Conference: CVPR 2026
arXiv: 2605.05390
Code: https://facebookresearch.github.io/LAMP (Project page, committed to open-sourcing models and code)
Area: Human Understanding / 3D Human Motion Tracking / Egocentric Perception
Keywords: Multi-camera Headset, World-frame Motion Tracking, Ray Lifting, SMPL, Spatio-temporal Transformer

TL;DR¶

LAMP leverages the known 6-DoF poses of a headset to lift 2D human keypoints detected across multiple cameras into a unified world-frame 3D ray cloud at an early stage. A spatio-temporal Transformer then fits human SMPL motion directly to this ray cloud. This "lift-then-fit" paradigm completely decouples the wearer's head motion from the observed person's motion, achieving SOTA performance on monocular benchmarks and significantly outperforming baselines in multi-camera egocentric scenarios.

Background & Motivation¶

Background: Tracking 3D human motion from video has been studied for decades. The mainstream approach utilizes the SMPL parametric body model, relying on monocular image regression or video temporal aggregation (Temporal CNNs / RNNs / Transformers) for frame-wise pose estimation. Recently, research has pivoted toward "world-frame" recovery, such as WHAM using gyroscopes, GVHMR using gravity-aligned coordinates, and TRAM/WHAC/PromptHMR combining off-the-shelf SLAM with monocular depth for world-frame conversion.
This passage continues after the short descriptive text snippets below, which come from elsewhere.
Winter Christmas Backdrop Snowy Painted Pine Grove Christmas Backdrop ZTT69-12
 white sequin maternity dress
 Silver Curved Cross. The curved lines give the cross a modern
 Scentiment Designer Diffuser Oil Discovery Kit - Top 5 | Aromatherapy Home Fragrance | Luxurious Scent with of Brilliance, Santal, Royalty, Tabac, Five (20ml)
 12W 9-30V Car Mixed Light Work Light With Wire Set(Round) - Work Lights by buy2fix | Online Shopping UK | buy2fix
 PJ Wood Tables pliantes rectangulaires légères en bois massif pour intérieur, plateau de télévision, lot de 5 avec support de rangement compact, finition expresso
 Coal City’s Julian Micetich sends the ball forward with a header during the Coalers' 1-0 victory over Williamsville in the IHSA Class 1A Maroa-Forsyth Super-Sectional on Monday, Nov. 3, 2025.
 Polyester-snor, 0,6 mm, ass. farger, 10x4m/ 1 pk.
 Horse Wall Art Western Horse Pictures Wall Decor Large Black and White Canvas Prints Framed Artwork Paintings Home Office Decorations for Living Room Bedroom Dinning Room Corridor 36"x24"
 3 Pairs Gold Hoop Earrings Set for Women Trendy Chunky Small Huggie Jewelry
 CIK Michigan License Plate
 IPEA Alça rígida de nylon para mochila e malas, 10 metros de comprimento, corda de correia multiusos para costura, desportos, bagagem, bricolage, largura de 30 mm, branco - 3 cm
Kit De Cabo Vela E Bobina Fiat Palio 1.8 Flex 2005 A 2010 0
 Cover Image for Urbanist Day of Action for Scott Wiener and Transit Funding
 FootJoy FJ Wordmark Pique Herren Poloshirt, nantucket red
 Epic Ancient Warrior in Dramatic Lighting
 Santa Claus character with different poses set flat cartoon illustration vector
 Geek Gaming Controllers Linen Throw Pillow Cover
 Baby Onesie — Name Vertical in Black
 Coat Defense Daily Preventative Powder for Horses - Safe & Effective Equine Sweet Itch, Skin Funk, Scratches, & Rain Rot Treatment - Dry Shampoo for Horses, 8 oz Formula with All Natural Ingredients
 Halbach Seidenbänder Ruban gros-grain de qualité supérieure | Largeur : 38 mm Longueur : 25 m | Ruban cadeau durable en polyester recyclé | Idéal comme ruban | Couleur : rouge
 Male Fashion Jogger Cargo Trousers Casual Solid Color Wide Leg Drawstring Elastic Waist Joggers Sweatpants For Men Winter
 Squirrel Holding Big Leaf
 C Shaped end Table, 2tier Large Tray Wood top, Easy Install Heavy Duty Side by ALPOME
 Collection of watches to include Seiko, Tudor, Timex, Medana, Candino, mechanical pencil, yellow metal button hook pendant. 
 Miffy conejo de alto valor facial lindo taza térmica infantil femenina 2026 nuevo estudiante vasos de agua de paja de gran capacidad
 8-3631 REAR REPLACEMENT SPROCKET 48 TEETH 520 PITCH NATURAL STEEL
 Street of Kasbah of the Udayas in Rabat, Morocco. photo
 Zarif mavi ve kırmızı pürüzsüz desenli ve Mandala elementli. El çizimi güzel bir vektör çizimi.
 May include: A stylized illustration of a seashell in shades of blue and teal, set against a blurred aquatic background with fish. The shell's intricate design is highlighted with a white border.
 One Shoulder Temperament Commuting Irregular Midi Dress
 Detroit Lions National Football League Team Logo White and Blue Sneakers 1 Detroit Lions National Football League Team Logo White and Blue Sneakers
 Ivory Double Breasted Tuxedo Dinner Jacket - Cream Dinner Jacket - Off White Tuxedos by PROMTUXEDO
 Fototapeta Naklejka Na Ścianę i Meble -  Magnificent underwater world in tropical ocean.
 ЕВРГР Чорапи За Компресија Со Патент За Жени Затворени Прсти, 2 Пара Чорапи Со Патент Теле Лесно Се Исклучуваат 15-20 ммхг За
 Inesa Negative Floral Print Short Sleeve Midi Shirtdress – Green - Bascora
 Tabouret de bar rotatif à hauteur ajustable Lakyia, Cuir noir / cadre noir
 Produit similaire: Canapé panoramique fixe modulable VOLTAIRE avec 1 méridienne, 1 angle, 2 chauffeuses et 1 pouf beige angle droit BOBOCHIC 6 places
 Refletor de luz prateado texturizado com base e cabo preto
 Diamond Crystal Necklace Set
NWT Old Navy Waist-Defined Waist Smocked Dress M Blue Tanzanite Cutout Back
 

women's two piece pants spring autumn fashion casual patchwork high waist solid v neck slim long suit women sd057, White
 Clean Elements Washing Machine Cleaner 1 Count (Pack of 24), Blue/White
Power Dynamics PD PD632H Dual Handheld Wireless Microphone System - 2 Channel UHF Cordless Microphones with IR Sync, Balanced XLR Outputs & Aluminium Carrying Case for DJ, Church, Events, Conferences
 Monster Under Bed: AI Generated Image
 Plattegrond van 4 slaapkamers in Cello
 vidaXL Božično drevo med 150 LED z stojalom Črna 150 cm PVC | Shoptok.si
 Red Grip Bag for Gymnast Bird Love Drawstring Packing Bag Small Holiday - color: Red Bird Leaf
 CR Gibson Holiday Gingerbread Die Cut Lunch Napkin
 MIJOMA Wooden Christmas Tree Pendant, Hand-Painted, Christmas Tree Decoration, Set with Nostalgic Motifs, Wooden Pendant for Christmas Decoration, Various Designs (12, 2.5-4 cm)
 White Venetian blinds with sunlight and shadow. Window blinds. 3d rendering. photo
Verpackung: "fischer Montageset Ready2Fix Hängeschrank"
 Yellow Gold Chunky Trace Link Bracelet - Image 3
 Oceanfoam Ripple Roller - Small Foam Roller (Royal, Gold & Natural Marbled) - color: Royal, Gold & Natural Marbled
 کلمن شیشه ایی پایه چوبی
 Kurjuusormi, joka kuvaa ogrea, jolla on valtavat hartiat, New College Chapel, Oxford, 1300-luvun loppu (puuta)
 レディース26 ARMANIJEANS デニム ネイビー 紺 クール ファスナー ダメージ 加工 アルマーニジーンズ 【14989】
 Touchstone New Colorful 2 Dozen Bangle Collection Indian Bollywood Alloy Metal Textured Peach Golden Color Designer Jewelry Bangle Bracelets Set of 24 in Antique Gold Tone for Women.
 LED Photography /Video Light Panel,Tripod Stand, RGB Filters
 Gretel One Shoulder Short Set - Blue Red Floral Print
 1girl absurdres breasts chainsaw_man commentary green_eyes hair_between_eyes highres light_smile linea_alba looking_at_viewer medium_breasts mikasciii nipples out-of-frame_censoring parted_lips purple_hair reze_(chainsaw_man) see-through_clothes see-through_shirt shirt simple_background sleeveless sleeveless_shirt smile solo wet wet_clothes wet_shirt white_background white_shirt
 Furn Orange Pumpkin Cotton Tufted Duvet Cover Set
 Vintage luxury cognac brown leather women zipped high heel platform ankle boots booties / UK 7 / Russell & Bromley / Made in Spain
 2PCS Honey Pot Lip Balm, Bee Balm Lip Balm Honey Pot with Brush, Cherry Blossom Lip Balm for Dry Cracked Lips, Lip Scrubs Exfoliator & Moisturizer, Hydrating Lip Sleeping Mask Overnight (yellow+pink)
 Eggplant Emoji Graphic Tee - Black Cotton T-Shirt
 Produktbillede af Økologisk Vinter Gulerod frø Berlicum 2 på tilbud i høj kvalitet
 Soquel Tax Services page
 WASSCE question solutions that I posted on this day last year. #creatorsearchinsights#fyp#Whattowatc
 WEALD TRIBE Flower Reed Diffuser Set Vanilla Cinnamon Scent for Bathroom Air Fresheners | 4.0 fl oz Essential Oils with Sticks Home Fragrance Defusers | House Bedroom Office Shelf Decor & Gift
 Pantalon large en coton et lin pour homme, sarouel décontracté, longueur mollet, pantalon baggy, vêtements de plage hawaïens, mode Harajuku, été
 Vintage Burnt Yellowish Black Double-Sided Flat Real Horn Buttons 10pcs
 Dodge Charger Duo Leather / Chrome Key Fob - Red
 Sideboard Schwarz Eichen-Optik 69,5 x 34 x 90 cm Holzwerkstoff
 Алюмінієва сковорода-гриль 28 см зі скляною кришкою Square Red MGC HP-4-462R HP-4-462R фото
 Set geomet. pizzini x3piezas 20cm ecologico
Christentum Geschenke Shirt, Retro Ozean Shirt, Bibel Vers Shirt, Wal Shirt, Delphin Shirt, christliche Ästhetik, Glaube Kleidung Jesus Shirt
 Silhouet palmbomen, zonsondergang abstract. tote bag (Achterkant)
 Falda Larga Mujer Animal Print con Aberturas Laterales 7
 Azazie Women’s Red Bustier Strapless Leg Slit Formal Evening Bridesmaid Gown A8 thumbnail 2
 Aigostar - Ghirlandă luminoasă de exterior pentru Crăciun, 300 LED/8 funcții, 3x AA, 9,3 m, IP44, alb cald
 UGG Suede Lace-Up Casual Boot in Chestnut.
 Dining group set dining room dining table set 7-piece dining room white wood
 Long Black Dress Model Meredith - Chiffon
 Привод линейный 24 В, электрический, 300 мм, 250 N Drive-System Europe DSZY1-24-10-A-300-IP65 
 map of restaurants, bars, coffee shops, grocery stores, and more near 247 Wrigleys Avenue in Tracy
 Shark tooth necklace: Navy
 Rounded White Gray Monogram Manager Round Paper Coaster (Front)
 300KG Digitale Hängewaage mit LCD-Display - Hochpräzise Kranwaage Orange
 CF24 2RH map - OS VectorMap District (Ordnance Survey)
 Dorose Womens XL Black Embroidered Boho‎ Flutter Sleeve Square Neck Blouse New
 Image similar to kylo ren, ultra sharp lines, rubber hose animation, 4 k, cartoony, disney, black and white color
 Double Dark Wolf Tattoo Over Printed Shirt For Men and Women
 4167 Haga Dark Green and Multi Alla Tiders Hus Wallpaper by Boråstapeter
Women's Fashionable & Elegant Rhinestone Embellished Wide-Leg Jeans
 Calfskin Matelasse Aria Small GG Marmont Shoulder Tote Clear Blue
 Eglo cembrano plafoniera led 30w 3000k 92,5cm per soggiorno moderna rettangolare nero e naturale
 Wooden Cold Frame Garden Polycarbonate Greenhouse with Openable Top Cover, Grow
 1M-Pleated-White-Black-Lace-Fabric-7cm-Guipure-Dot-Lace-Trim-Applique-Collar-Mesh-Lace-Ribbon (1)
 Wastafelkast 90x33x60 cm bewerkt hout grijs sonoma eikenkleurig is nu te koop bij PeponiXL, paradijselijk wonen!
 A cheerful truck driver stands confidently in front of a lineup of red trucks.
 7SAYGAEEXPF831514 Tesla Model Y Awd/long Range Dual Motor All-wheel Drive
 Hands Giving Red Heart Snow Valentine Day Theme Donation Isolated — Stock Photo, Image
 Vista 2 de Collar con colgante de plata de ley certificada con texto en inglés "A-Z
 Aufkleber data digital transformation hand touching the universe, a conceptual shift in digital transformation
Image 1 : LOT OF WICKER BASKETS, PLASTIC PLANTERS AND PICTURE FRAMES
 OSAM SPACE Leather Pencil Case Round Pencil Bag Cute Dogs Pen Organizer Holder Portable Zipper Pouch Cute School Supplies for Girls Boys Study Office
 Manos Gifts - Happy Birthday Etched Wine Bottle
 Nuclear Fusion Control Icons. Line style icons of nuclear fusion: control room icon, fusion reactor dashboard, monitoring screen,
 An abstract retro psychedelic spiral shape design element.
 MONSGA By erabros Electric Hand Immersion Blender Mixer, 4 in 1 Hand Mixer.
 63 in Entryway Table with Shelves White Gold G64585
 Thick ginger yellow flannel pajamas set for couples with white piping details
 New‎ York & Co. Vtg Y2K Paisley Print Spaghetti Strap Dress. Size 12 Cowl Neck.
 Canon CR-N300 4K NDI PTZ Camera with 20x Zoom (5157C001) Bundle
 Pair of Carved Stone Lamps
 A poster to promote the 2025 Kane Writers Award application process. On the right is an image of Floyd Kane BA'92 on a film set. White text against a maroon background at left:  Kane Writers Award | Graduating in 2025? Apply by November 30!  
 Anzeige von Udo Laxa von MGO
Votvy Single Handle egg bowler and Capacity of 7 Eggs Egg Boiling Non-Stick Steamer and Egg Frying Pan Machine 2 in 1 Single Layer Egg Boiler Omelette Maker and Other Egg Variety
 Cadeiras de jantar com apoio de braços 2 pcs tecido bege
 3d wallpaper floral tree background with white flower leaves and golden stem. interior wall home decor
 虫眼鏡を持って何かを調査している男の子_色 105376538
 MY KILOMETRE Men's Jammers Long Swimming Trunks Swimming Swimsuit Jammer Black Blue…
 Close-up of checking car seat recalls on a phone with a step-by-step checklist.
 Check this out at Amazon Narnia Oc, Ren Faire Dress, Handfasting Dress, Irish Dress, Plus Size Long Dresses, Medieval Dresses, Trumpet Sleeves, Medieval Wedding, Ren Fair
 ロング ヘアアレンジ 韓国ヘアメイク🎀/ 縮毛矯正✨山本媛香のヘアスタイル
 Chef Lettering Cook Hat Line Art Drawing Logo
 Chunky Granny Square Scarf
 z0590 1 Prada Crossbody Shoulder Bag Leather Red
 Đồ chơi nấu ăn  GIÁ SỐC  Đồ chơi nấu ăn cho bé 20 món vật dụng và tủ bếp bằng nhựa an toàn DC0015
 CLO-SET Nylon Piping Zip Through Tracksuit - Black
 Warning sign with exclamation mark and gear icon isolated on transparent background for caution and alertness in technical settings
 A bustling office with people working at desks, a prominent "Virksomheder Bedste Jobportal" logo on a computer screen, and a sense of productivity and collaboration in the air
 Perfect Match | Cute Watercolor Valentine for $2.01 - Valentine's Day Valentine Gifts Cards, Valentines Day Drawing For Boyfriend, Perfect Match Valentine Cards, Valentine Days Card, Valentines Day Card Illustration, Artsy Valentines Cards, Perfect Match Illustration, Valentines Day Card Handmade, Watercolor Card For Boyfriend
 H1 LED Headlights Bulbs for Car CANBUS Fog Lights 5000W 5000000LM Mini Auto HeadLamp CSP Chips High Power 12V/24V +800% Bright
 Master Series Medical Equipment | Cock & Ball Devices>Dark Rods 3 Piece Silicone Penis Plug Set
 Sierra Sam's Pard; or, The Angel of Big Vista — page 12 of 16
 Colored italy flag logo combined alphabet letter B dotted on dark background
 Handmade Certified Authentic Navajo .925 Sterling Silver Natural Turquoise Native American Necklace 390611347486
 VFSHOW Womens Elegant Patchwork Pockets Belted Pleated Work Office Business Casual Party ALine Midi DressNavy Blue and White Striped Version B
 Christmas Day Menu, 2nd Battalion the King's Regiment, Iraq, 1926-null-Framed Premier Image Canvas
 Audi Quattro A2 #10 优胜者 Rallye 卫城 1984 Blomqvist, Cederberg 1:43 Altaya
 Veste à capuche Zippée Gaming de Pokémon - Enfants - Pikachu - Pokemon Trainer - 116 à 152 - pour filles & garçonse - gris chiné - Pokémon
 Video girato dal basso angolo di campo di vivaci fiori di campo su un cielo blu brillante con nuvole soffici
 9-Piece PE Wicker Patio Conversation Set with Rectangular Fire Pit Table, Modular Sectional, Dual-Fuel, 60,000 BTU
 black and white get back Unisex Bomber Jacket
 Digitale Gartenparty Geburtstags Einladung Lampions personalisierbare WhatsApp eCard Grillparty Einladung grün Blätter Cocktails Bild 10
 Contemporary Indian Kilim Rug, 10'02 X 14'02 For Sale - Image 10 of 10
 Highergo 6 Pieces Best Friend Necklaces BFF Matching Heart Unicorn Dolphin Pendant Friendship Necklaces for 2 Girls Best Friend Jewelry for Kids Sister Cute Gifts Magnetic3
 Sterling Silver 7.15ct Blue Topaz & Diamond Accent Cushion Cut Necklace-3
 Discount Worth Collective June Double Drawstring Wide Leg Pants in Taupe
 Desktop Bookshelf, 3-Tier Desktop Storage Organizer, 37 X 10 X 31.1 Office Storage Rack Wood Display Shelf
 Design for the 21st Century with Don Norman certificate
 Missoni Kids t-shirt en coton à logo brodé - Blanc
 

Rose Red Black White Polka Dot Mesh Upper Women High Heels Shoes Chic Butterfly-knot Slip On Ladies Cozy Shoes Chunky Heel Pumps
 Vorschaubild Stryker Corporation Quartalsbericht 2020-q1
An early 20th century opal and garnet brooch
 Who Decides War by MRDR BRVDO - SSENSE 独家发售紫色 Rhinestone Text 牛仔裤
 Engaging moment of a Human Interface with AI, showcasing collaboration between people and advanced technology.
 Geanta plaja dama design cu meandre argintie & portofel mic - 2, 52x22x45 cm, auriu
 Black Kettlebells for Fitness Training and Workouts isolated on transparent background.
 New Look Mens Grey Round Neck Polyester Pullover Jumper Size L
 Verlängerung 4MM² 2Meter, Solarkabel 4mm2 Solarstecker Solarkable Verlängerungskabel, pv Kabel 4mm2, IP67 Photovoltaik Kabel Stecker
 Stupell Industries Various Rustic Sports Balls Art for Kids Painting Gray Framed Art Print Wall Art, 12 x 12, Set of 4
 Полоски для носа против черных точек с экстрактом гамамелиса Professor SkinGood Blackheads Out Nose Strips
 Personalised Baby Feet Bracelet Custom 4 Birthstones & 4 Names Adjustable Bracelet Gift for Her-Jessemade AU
Limitations of Prior Work: Most existing methods are designed for monocular, uncalibrated, and static or slowly moving camera scenes. They often fail when applied to modern AR/Smart Glasses egocentric headsets for three reasons: 1. Headsets exhibit violent 6-DoF self-motion (frequent and rapid head turns), while most tracking algorithms assume a static or slowly moving camera. 2. Headsets use multi-camera arrays to cover a large field of view (FoV) with minimal stereo overlap. A person may be partially seen by only one camera, and observations frequently shift between cameras (camera hand-off). Monocular methods using late fusion are unstable and carry inherent monocular scale ambiguity. 3. 3D annotated video data is scarce and expensive to collect, yet headset camera configurations change with every generation, making it nearly impossible to gather sufficient training data for specific devices.

Key Challenge: Existing methods attempt to "simultaneously" estimate both observer and target motion. This works when the observer deliberately follows the target (correlated motion), but in egocentric settings, these motions are completely independent. This entanglement makes the problem fundamentally harder and forces a single model to resolve scale ambiguity, partial observation, and camera hand-off simultaneously.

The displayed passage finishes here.